The biggest gains for those in popular cities for overseas investment come for those who already own existing property. With demand soaring, homeowners can stand to make a profit off the market. The demand also encourages growth, driving developers to break new ground for both residential and commercial buildings, creating a stronger economy for the region.

However, one of the most disturbing trends is how this type of demand can force prices sky high, all while the local population’s income and status remains the same – a trend that has been particularly striking in Vancouver’s housing market. Buying houses, as a result of that foreign demand, can become impossible for the native population, turning ownership of a home into a luxury rather than an expectation. That forces them to turn towards renting, which in turn creates a rise in rents due to the demand. In a way, international real estate has the potential to create new housing bubbles that can quickly spiral out of control.

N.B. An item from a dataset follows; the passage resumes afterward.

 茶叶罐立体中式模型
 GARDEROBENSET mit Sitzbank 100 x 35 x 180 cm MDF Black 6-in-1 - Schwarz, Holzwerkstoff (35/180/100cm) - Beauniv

Australia, United Kingdom Pave Way for Market Protection

While foreign investment has saved cities like Miami from the housing crisis, thanks to cheap foreclosed properties, all it takes is something like the dollar strengthening to threaten to push all that money elsewhere, leaving cities with a foreign-funded bubble ready to burst.

The government of China is cracking down on smuggling currency out of the country. By law, Chinese residents cannot exchange more than $50,000 in foreign currency per year. Considering Chinese investors alone spent $28.6 billion in 2014 on real estate in America, with an average sale cost of $590,826, that would seem to make most of these luxury purchases done with illicit funds. To further enforce its currency exchange law, the Chinese government has moved to replace corrupt officials who allow money smuggling to happen, along with attempting to recover offshore assets, including luxury foreign properties.

In addition, other countries have lashed back at the substantial foreign investments. Australia has developed plans to impose a tax on foreign property buyers after Chinese investment in Australian real estate grew by 60 percent last year. The United Kingdom has also made similar changes over the past three years to protect their own markets. A Change.org petition, which asked the Canadian government to protect its citizens from the byproducts of international investing, garnered 25,000 signatures.

In 2011, Chuck Schumer, a senior senator from New York, introduced a bill that would grant foreign investors a three-year visa for investing $500,000 in a home and living there for 180 days, in order to force investors to pay federal and property taxes. The bill didn’t make it to the floor.